In both public and private companies, the trend over the past two decades has been to align the financial compensation of executives and key employees with the success of the overall business. One notable method to give executives a stake in the ownership of the business, is through stock options grants. Even now that companies must account for these grants as an expense, they remain a major component of pay packages, particularly at public companies.
But options grants are only one way of putting the interests of an executive in sync with the financial performance of a company. Several other compensation strategies may serve as superior alternatives or logical complements to granting options.
- Phantom Stock. Many owners of private companies may find it difficult or undesirable to issue stock because of the dilution of ownership and additional burdens of governance involved. In such cases, phantom stock may be a viable alternative. Phantom stock doesn’t dilute ownership, since the executive is not given actual equity in the company, but rather a future cash bonus based on the company’s value. The business owner and the executive need to agree on some way of valuing the business, such as book value or a predetermined multiple of discounted cash flow, operating earnings or EBITDA. (Earnings before income, taxes, depreciation, and amortization.)
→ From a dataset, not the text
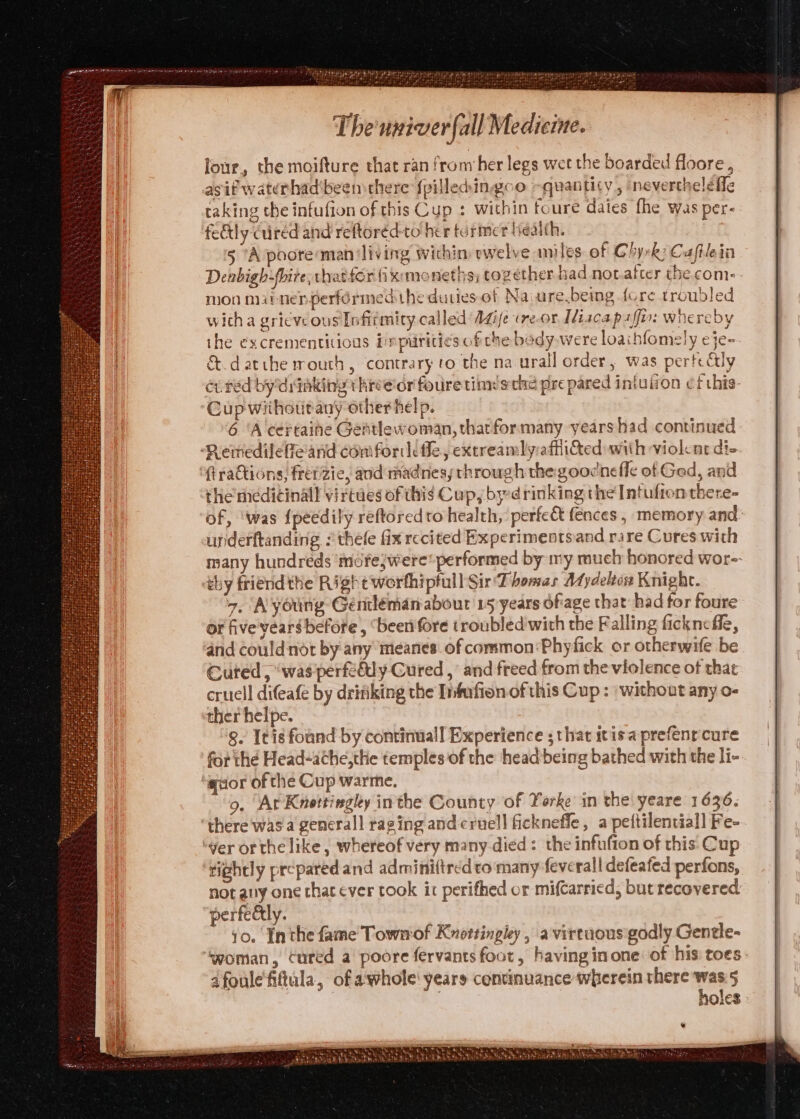 four, the moifture that ran from her legs wet the boarded floore., asif waterhad'beem there fpilledingoo quantity , ‘nevercheleffe taking the infufion of this Cup : within foure daies fhe was per- fedtly cred and reftoréd-to her termer liealth. 5 ‘A poote man ‘living wichin: ewelve ames of Chyrk: Caftleia Denbigh-fhire, thatfor fix:moneths; together bad not after the com: mon mabnenperfdrmed the duties of Na ure beimg fore troubled wicha gricve ous Infitmity called A4ife «re-or Misca paffir: whereby the excrementitious ippiritics of the body.were loaihfomely eje- &amp;.d atthe mouth, contrary to the na urall order, was perte&amp;ly ev red bydinking threeior fouretiimésche pre pared iniulion cf this- Cup withottany other help. 6 ‘A certaihe Gentlewoman, thatformany years had continued ‘Remedileffeand confor fle, extreamlyaffied with violent di- (trattions, frepzie, and madnes,; through the goocnefle of Ged, and the meditinall virtues of thig Cups by:drinking the Intufron there- of, ‘was {peédily reftoredto health, perfect fences , memory and: underftanding :thele fix recited Experimentsiand rare Cures with many hundreds mére;were* performed by my much honored wor- thy friend the Right worthipfull Sir Thomas Aydeleon Knight. 7. Ayoung Géenlémanabour 15 years ofiage that had for foure of five years before, ‘been fore troubled with the Falling ficknefle, and couldnot by:any meanes of common: Phyfick or otherwife be Cured, “was perfe&amp;ly Cured ,’ and freed from the violence of that cruell difeafe by drifiking the Infufion of this Cup : | without any o- ther helpe. 8. Itis found by continuall Experience ; that itisaprefenrcure for the Head-athe,the temples of the head being bathed with the li- guor of the Cup warme. “9, “ArKnottingky inthe County of Yorke in the yeare 1636. there was a generall raging andcruell fickneffe, a peftilential] Fe- ver orthe like, whereof very many.died: the infufton of this Cup tightly prepared and adminiftred to'many feverall defeafed perfons, not any one that ever took it perifhed or mi(carried, but recovered. perfeély. 10. Inthe fame Townof Knottingley , a virtuous godly Gentle- ‘Svoman, cured a poore fervants foot, having inone: of his toes dfoule'fitula, of awhole years continuance wherein there was.5 | holes Renn TUS ty Set AND PEASE EE bbttehhe ak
- Stock Appreciation Rights (SARs). While they’re similar to phantom stock, SARs differ in they are sometimes paid out in actual company shares. A contractual arrangement between a company and an employee granting a value equal to the appreciation of a specific number of shares over a period of time, SARs are often issued in tandem with stock options to help employees fund the options purchase. Like phantom stock, SARs are treated as taxable income to the employee when payments are actually received.
These are both great ways to provide performance incentives for employees, but the business owner needs to plan ahead to have the liquidity to redeem them at the end of the vesting period. Of course, these and other long-term incentive plans are treated as non-qualified deferred compensation plans and employers need to be mindful of following Section 409(a) of the Internal Revenue Code when using them. Other compensation options to consider are; Global Executive Compensation Issues, Long-Term Cash Incentives, Long-Term Incentive Plans, Performance Metrics, Performance Shares, Perquisites, Restricted Stock, Severance and Change-in-Control, and Short-Term Incentive Plans.
Another popular perk for executives is allotting money to pay for professional services, such as attorneys and financial planners. If your employer provides this perk, take advantage of this option. It’s one less thing for you to worry about.